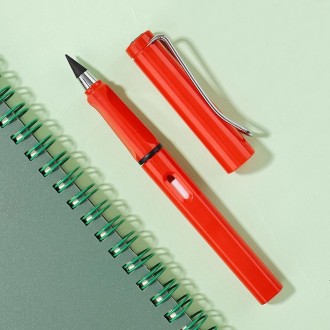 5 PCS No Ink No Need To Sharpen Drawing Sketch Pen Not Easy To Break Erasable HB Writing Pencil(Red)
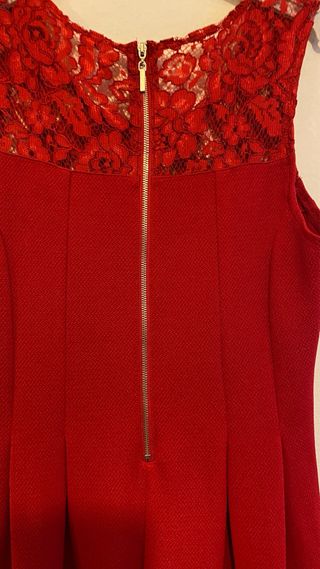 Vestido rojo Pimkie con encaje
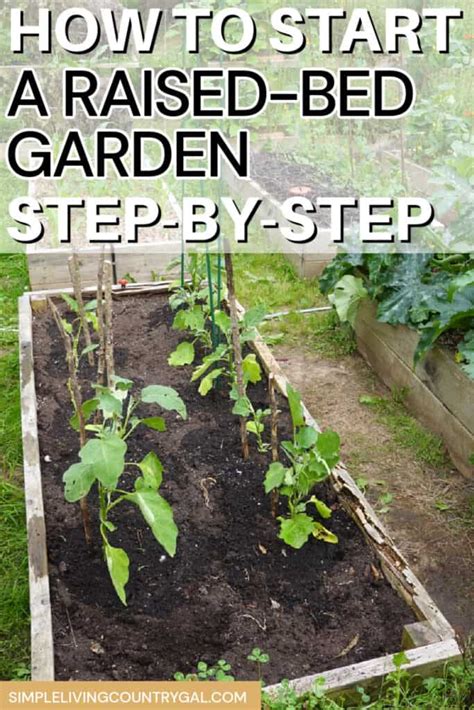 Raised Bed Gardening For Beginners Simple Living Country Gal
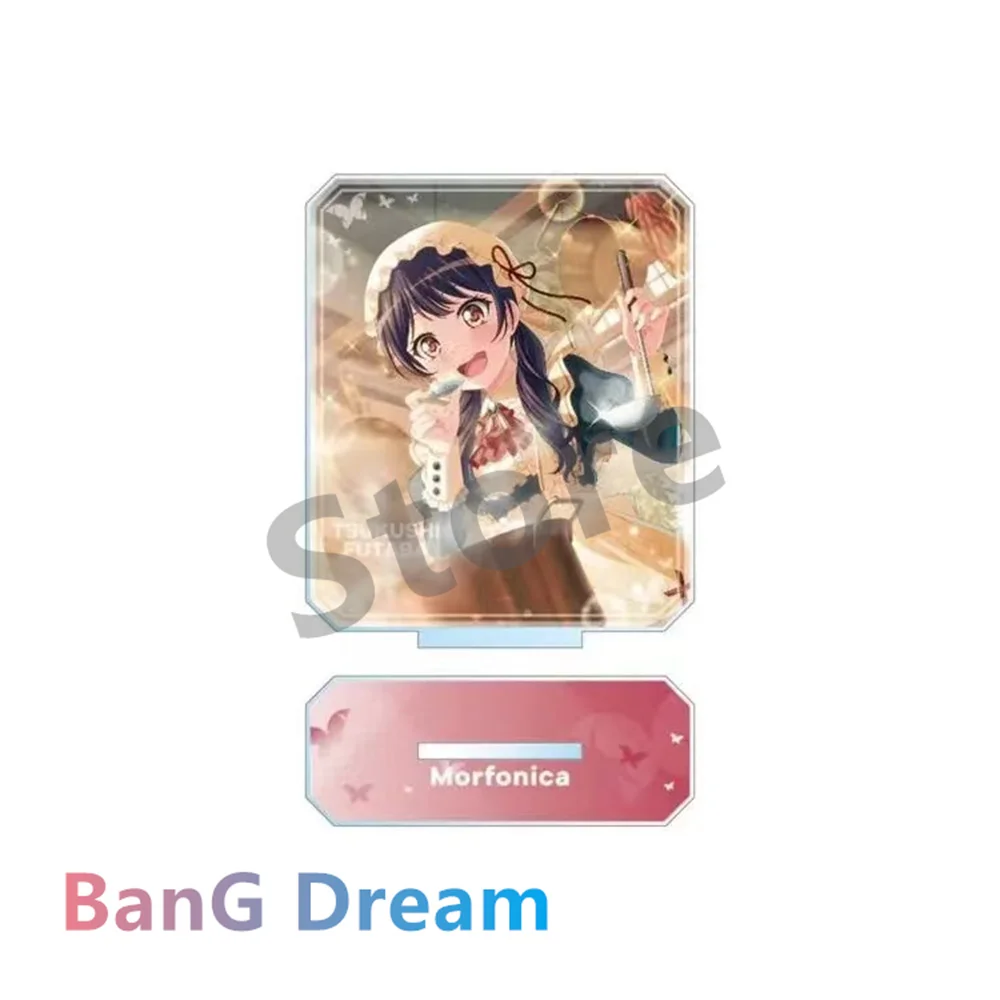 Game Cute Anime BanG Dream! Acrylic Stands Model Sweet Girl Creative decor Sign Fans Gifts 10cm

• Aim of the task
The lines from the one containing "Raised Bed Gardening" to the final line of the material, both ends included, should be retyped exactly and alone, with no pictures.

• Result for this task
 Raised Bed Gardening For Beginners Simple Living Country Gal
 Game Cute Anime BanG Dream! Acrylic Stands Model Sweet Girl Creative decor Sign Fans Gifts 10cm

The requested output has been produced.